▶ Work instructions: Somewhere below are a line with "Women's split-toe ballet" and a later line with "Photo 14 of". Output exactly those lines and all lines between them.

▶ Information given:
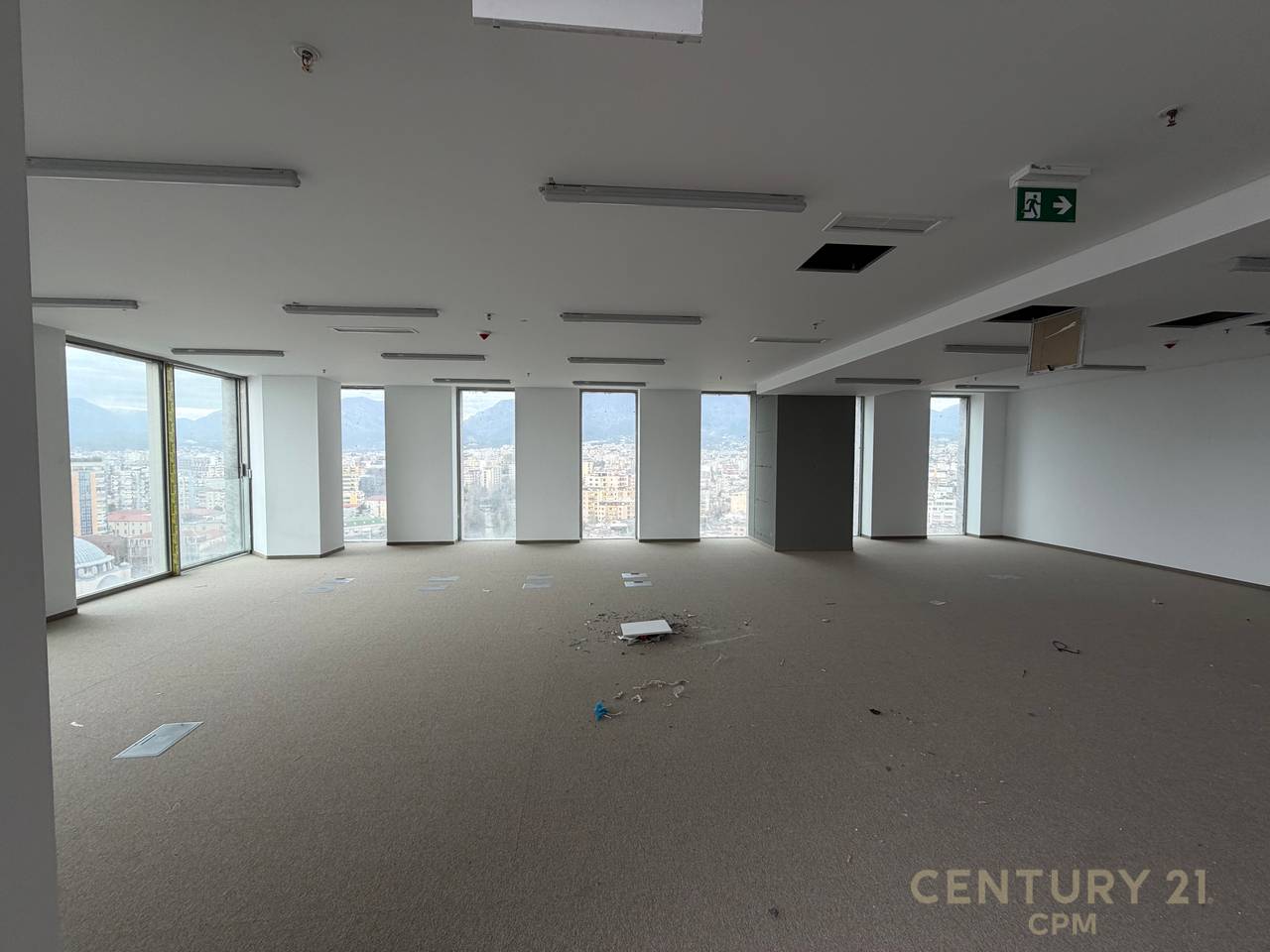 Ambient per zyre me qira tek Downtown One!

--

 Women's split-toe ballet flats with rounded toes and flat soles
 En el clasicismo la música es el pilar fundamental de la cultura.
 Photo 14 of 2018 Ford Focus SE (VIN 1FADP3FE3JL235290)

▶ Finished exercise:
 Women's split-toe ballet flats with rounded toes and flat soles
 En el clasicismo la música es el pilar fundamental de la cultura.
 Photo 14 of 2018 Ford Focus SE (VIN 1FADP3FE3JL235290)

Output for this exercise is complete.